Two really is a joy. A couple pics of Lady (big sis) and Prince (new little brother). They are very entertaining together when playing or just super cute when hanging out and/or sleeping together.


----------



## KittyD (Apr 2, 2010)

Sooo cute!! I love them


----------



## Wicked Pixie (Oct 14, 2011)

They do make a lovely pair. I agree that two is better than one, much easier too.


----------



## jesuschick (Dec 5, 2010)

We told you so!!

I agree. They are precious together!


----------



## Jayda (Jun 15, 2012)

Part of my agreement with hubby was signing a statement saying basically the two would not turn into three! I think I am satisfied with two. It is nice having a boy and girl and I like that they keep each other company, etc. I also like having two pups to walk with me! They draw quite a bit of attention.


----------



## Buildthemskywards (Jun 16, 2012)

They're both beautiful. I'm so glad that they're getting on well


----------



## Angel1210 (Mar 14, 2011)

Two is way better than one! I would love to have another one. Especially when Angel pesters me to play with him while I am at work.

But as it is, our cat hides upstairs all day. I don't want to stress her out with another one! When she is stressed, she loses fur on her ears! It's not pretty - and I feel bad for her!

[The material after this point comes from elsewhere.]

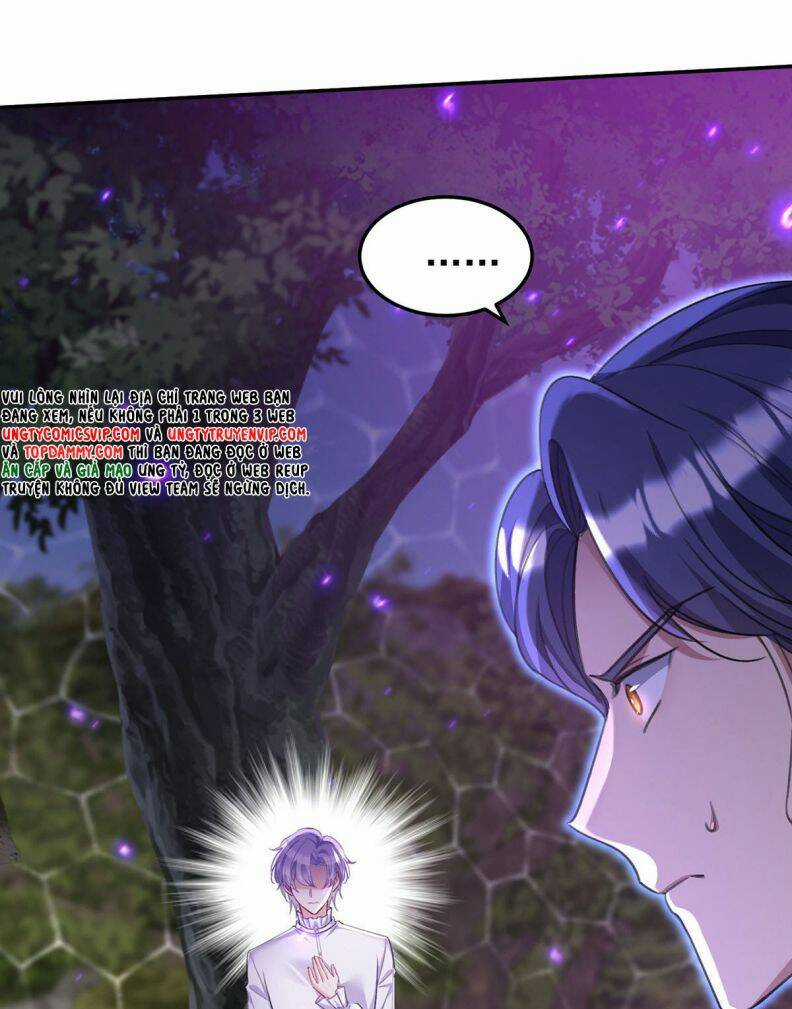 Dẫn Sói Vào Phòng - Chapter 176 - Trang 3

But I am glad that you have two beautiful babies! You will definitely enjoy them!


----------



## Chihuahua-mamma (Apr 16, 2012)

Two are double the trouble, and double the fun! Double the loving too.....the best bit. x


----------



## SharaAngel<3 (Nov 14, 2010)

soooo cute!!! in the second picture, prince looks like hes smiling!! so sweet!!


----------



## KritterMom (Mar 17, 2012)

Awww so adoreable! I kinda snickered when I read your hubby made you sign an agreement that two wouldn't turn into three, I think my husband might do the same to me one day.


----------



## Missygal (May 19, 2011)

I love having two Chis. And actually don't want any more. It's nice that that both usually have a lap with hubby and I!!


----------



## Tiny (Nov 7, 2011)

Very cute!!! More pics please!


----------



## quinnandleah (Sep 28, 2011)

Love the fluffies.


----------



## Zorana1125 (Oct 24, 2010)

Jayda they are so adorable together, love them!!


----------



## Evelyn (Oct 14, 2012)

Two lucky little ones, they both are so adorable.


----------



## missydawn (May 29, 2012)

They are so beautiful!


----------



## Vereyna (May 1, 2012)

I agree completely, two is better than one! Lady and Prince make a good pair!


----------



## BellaLina's Mom (Mar 16, 2007)

They are both gorgeous and so adorable together. I agreed with you that two are better than one.


----------



## nabi (Nov 25, 2004)

two little darlings...they really look so cute together...


----------



## lulu'smom (Jan 4, 2012)

What a darling new addition to your chi family!! I'm so excited for you. They are both adorable.


----------